Sebagian bayi memiliki faktor risiko lebih tinggi mengalami plagiocephaly ini. Faktor risiko tersebut antara lain:

  • Kehamilan kembar dengan ukuran rahim yang kecil
  • Bayi prematur yang mendapat perawatan tirah baring lama di NICU
  • Bayi yang menderita muscular torticollis atau pemendekan salah satu otot leher yang membuat kepala tertarik ke satu sisi. 

Gejala Plagiocephaly

Plagiocephaly mudah dikenali dengan adanya bentuk kepala yang datar pada salah satu sisi. Perubahan bentuk kepala ini tidak menimbulkan rasa nyeri, tidak mempengaruhi aktivitas atau pola rutinitas bayi dan umumnya tidak mengakibatkan gangguan kesehatan bermakna.

Pengobatan Plagiocephaly

Karena umumnya disebabkan oleh posisi tidur yang sama dari waktu ke waktu, hal pertama yang harus diubah untuk mengobati plagiocephaly adalah posisi tidur tersebut. Perubahan posisi tidur dapat berupa:

  • Menidurkan dengan posisi sedikit dimiringkan
  • Mengganti posisi saat menyusui
  • Menggendong bayi bila ia terjaga dari tidurnya
  • Tummy time atau menengkurapkan bayi dengan pengawasan penuh. 

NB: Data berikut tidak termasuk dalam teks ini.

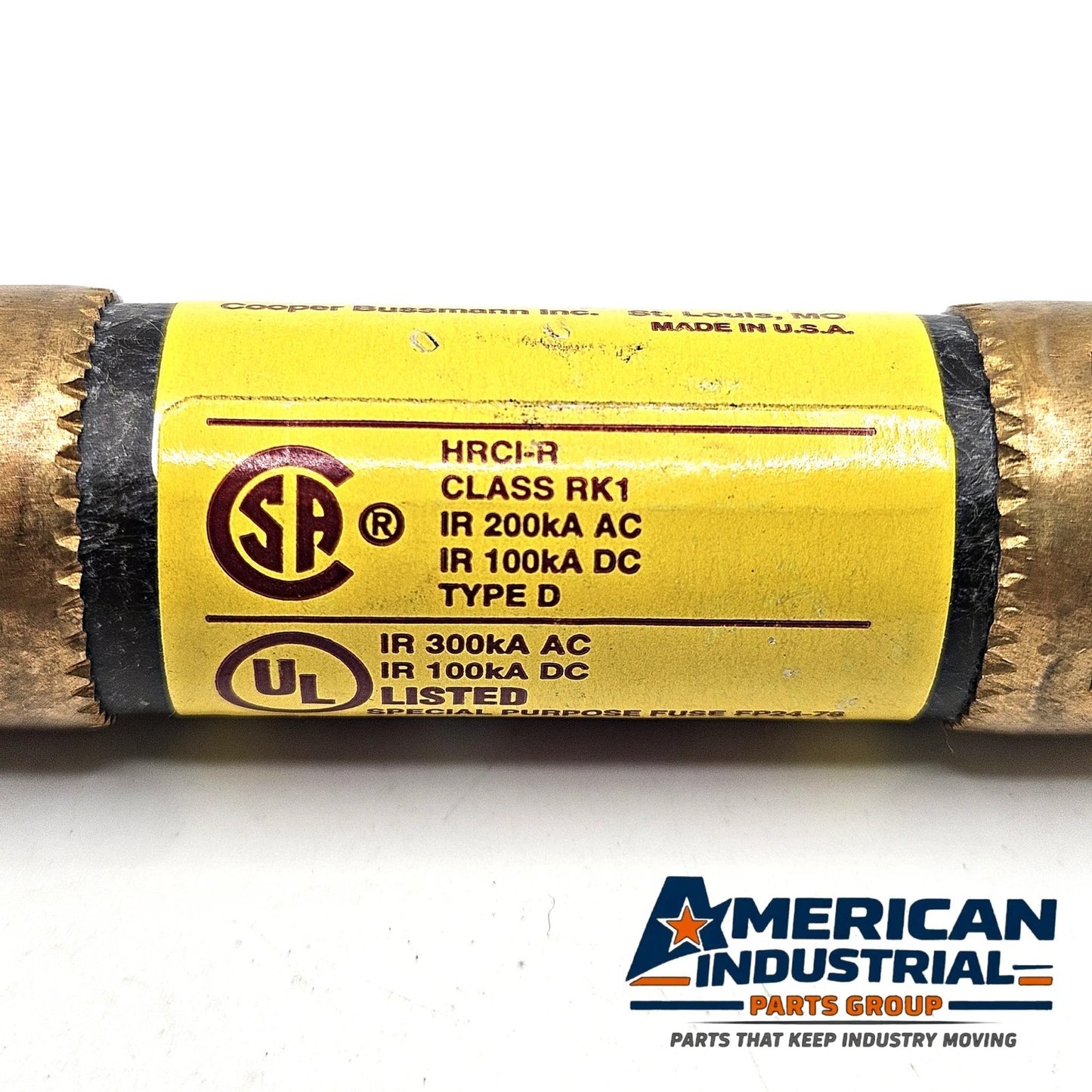 Bussmann LPN-RK-35SP Low-Peak 35A 250V Class RK1 dual-element time-delay fuse for industrial circuit protection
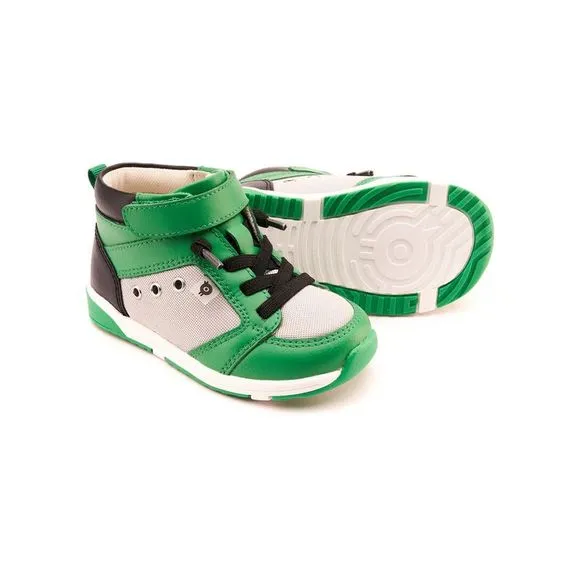 Old Soles Squad Mesh &amp; Leather High-Top Sneaker, Green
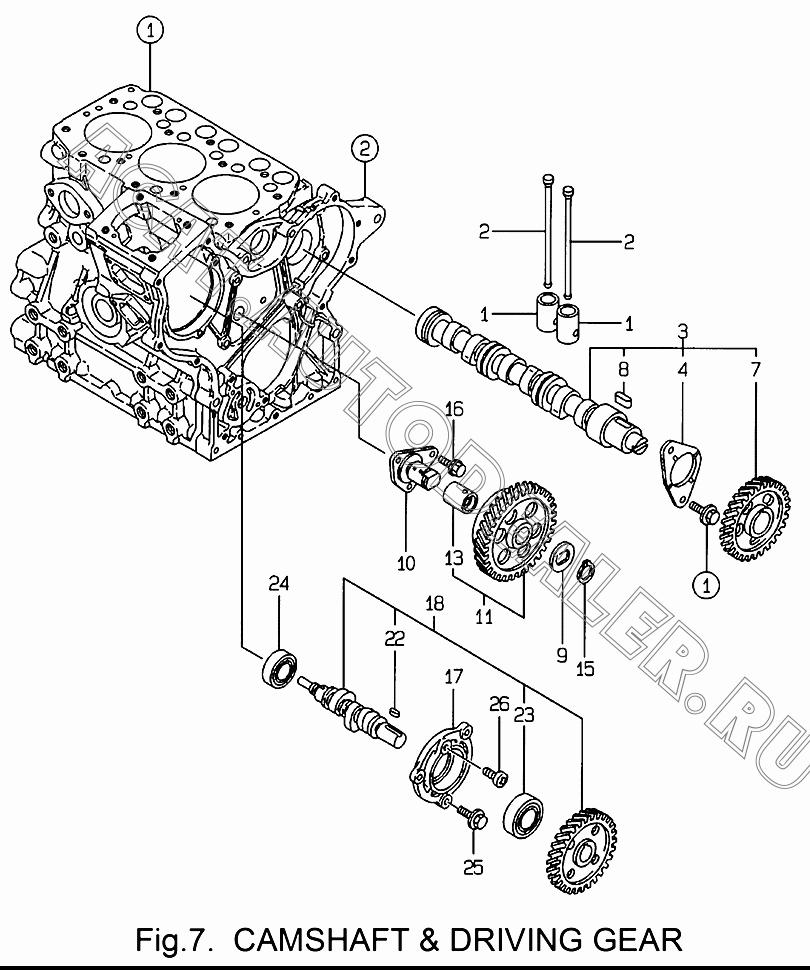 CIRCLIP 20 22242-000200 для Yanmar 3TNE68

Bila pengaturan posisi tidur ini tidak juga dapat mengatasi plagiocephaly, penggunaan helm khusus bisa jadi solusi. Helm ini khusus didesain untuk mengurangi tekanan pada bagian kepala yang datar sehingga bentuk kepala secara bertahap akan menjadi normal kembali. 

Metode pengobatan dengan helm khusus ini efektif bila diterapkan pada anak usia 4-12 bulan. Setelah anak berusia 1 tahun, helm khusus ini tidak lagi efektif karena tulang tengkorak umumnya telah menyatu dan sudah lebih keras sehingga sulit dibentuk kembali.

Komplikasi Plagiocephaly

Bila plagiocephaly yang terjadi disebabkan oleh posisi tidur, umumnya bentuk kelainan ini tidak akan mengakibatkan komplikasi bermakna. Gangguan yang dialami oleh sang anak lebih kepada kosmetik, akibat bentuk kepala yang tidak rata. 

Akan tetapi, bila plagiocephaly ini dilatarbelakangi oleh kelainan kongenital kraniosinostosis, kepala peyang dapat berujung pada berbagai komplikasi seperti:

  • Kelainan bentuk kepala yang sifatnya permanen
  • Peningkatan tekanan dalam rongga tengkorak
  • Kejang
  • Gangguan tumbuh kembang

Pencegahan Plagiocephaly

Untuk mencegah plagiocephaly akibat posisi, posisi tidur dan menyusui bayi harus diubah-ubah. Perubahan posisi ini perlu dilakukan secara berkala.